We were just supposed to supply the concrete from our Redi-Mix plant. But then the contractor had troubles and we helped bail him out, so we wound up more involved with the job than we expected. And it was fascinating to me: You could take concrete that was so raw and...unappealing, in a way-it's fine for a bridge but who wants to live under it, you know?-and you could make it into a really nice home and achieve someone's dream.
In 1982 the sister and brother-in-law of the owner who built that first underground home wanted one too, and we built the shell. After that we were asked to build another, then another, (initially doing the excavation, concrete, waterproofing, underground insulation and backfill), then we partially finished out a home, and then we started building them turnkey as a general contractor/builder.
Learning from clients and building momentum
I didn't know much about building energy-efficient homes, but I learned a lot from my clients, reading and attending seminars. One client wanted to put a special A/C filtration system to improve indoor air quality, so we figured out how to do that and began making that a priority on our homes. We did rainwater catchment systems on some projects, and we learned to put in solar hot water heaters. In all we built 19 earth-sheltered (underground) or earth-bermed homes.

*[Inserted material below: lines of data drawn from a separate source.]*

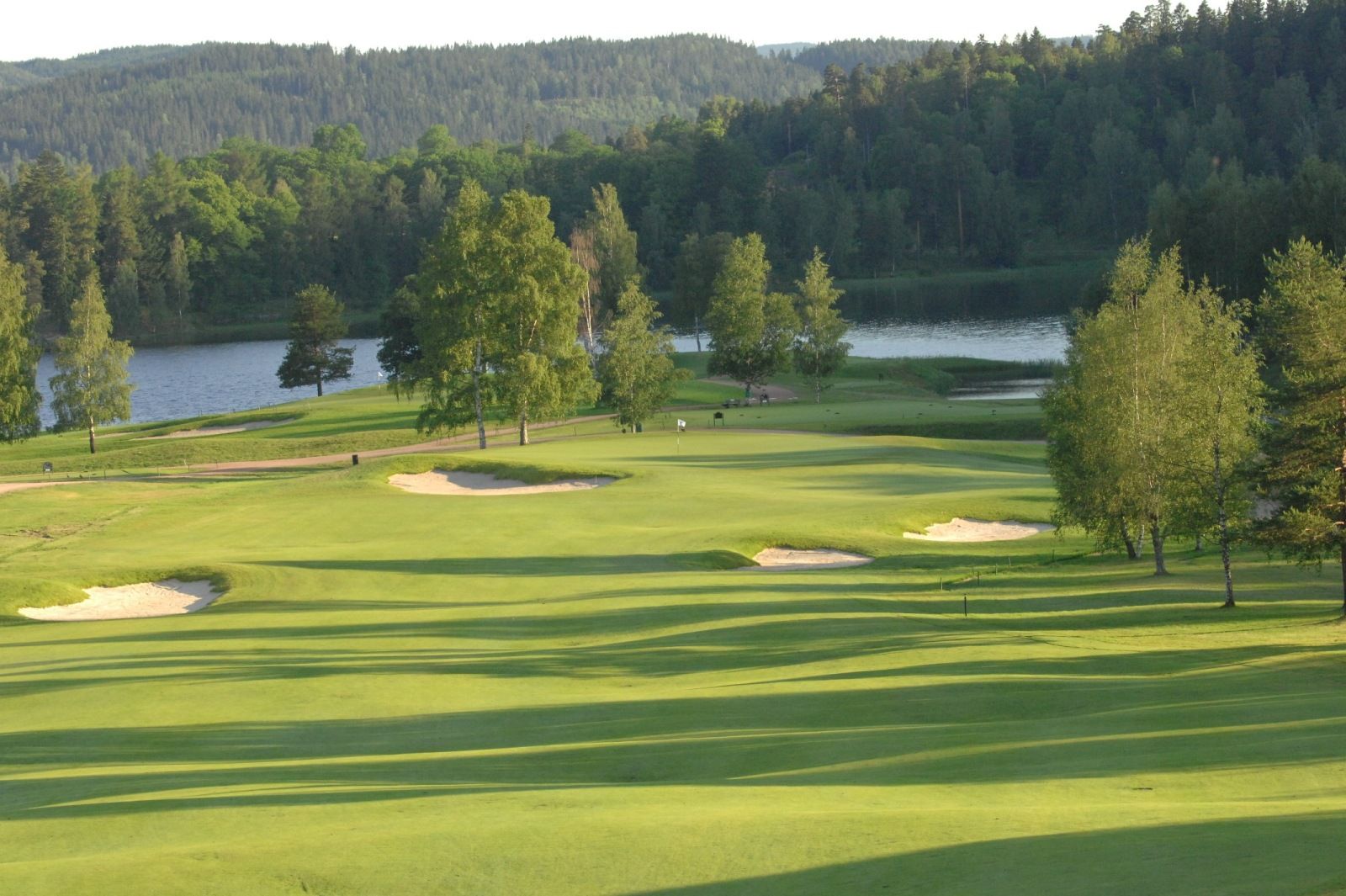 view of the golf course with the fjord in the background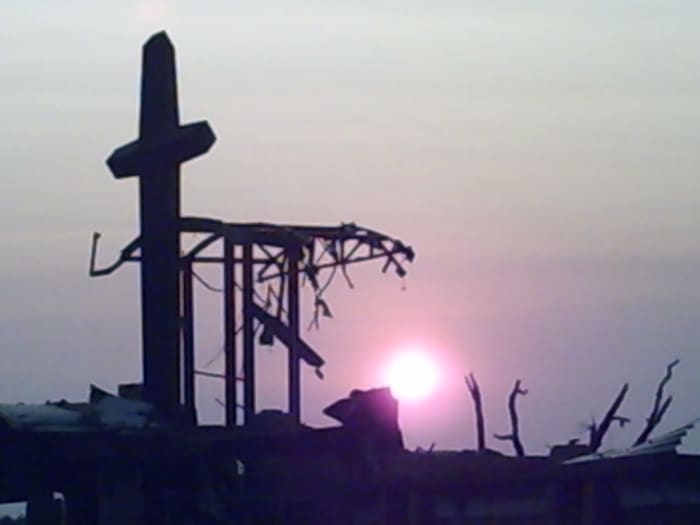 The remnants of St. Mary's Church, with the cross my Grandfather helped build still standing tall above the rubble.
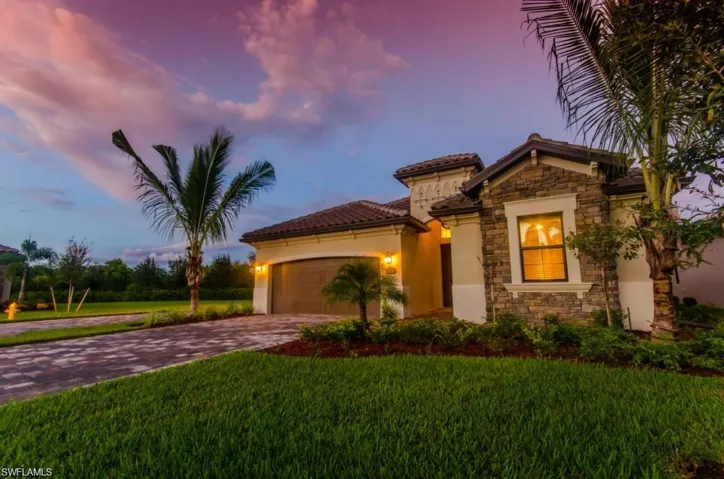 Mediterranean / spanish-style house with an attached garage, a yard, driveway, and stone siding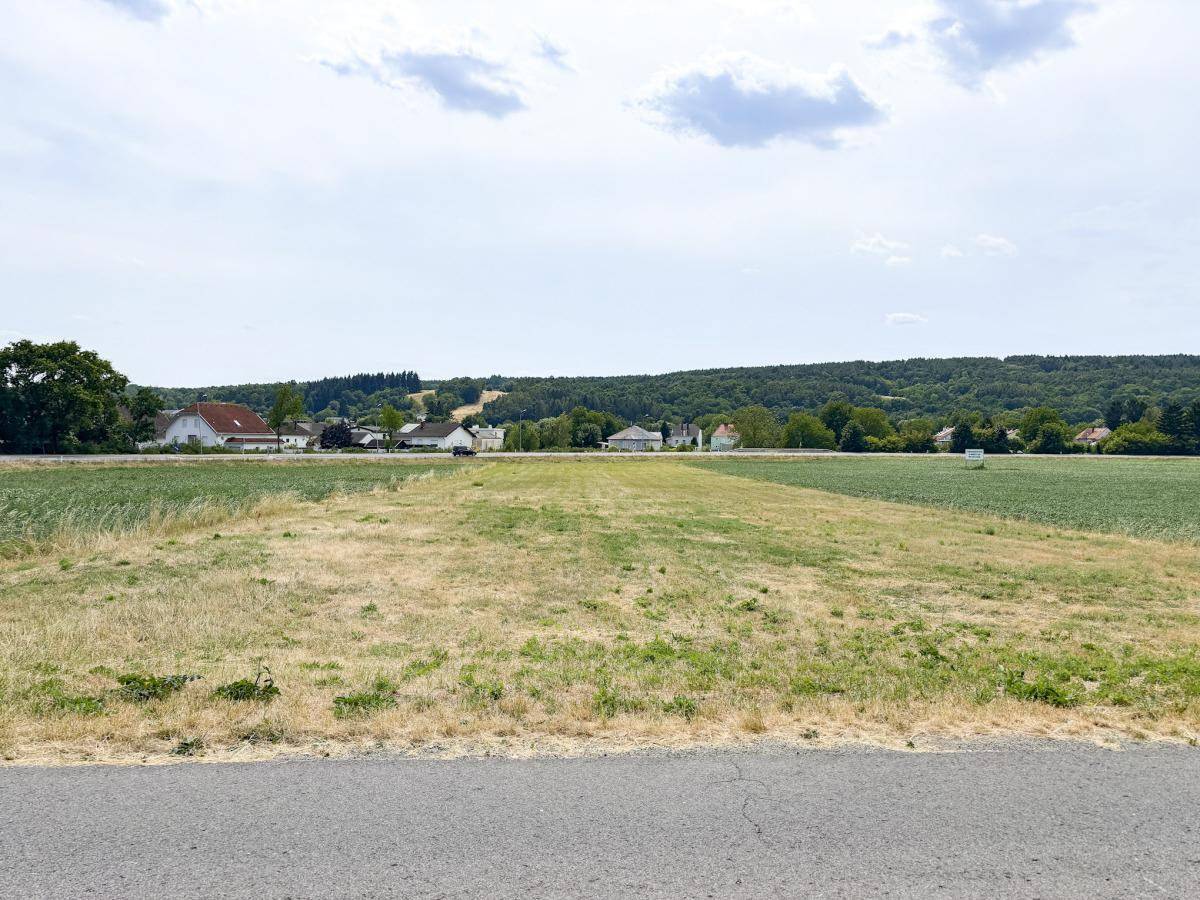 Blick über ein trockenes Feld auf eine ländliche Umgebung mit Häusern und bewaldeten Hügeln am Horizont.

In 1984 I was introduced to Structural Insulated Panels (SIPs)-they're sandwich panels with two facings or sheathings on the outside and a core of insulation, bonded together with a structural adhesive. I found we could get almost the same efficiency with a properly oriented SIP shell as we could with an underground home. This was a big advance. We were doing one to three earth homes a year, but bankers were always skeptical of them, so buyers usually needed a big chunk of cash. With SIPs it became easier to build homes bankers would finance-they looked conventional, with no dirt on the roof.
Dealing with doubters
I had some major doubters back then. Some friends, family members and other builders were concerned that we were catering to a fringe market: They'd say, 'It's not a real house, it's one of these tree-hugger homes. There's not enough interest in that stuff. Nobody else is doing that-why would you?' They wanted me to be doing what everybody else was. The thing was, we're succeeding now because we were learning to do things other builders weren't. We had a rough patch in the mid-'90s, and my mom-who was a big supporter-suggested I consider a job opening at the post office.

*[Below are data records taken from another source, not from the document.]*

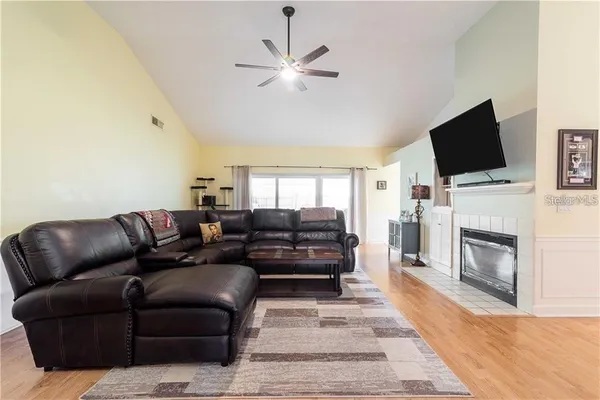 a living room with furniture and a flat screen tv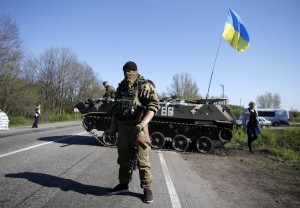 A Ukrainian soldier stands guard in front of an armoured personnel carrier at a checkpoint in the village of Malinivka, east of Slaviansk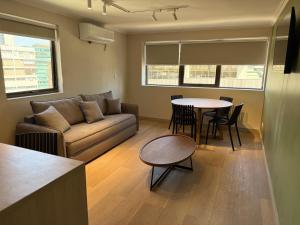 a living room with a couch and a table at RQ Costanera Apartments in Santiago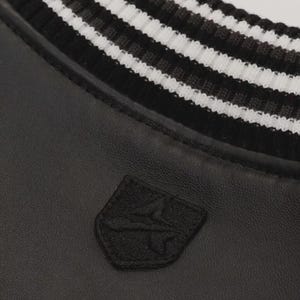 May include: Close-up of a black jacket with a white and black striped collar. A small, black embroidered patch is visible on the jacket's front. The jacket appears to be made of leather or a similar material.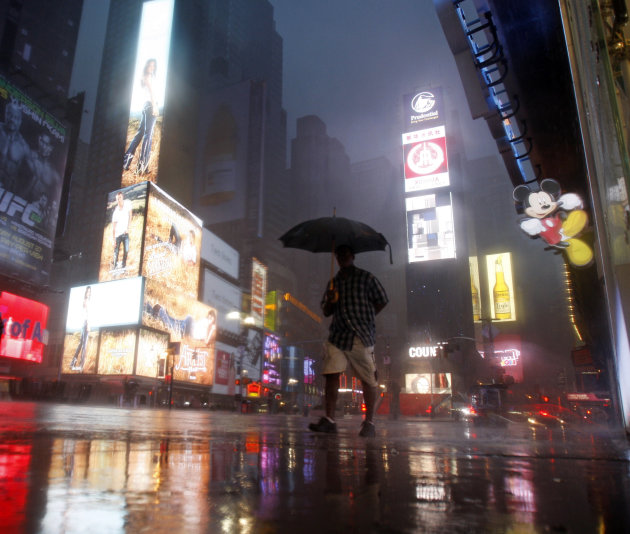 A man walks in Times Square as  Hurricane Irene arrives in New York, on Sunday, Aug. 28, 2011. (AP Photo/Mike Groll)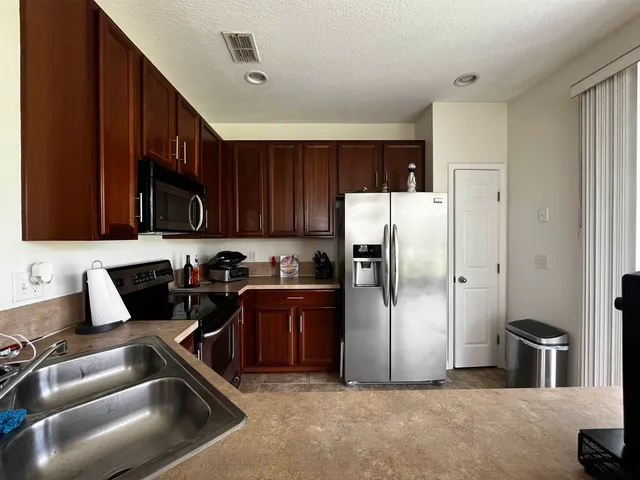 a kitchen with stainless steel appliances granite countertop a refrigerator and a sink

Even a general manager I hired back around 1999 said 'Energy efficiency is just a small niche-we need to build some regular spec homes and start flipping them. Forget SIPs, they add to the cost-you've got to get more square feet per dollar.' But that's not what I wanted to do! I had no passion for that.
The thing I enjoyed most was the people: fulfilling the dreams of the clients who came and wanted extreme energy efficiency. They wanted to make a difference for themselves and typically for the environment, and they were willing to invest time, energy and money to do it. These folks found great satisfaction in building their homes, and then every month seeing their incredibly small energy bills while living in an extremely comfortable, healthy, safe, low maintenance, environmentally sensitive home. It brought me great satisfaction to do something that was different than what other people were doing and was better for everybody, and to see what a difference these homes made in people's lives and on the environment.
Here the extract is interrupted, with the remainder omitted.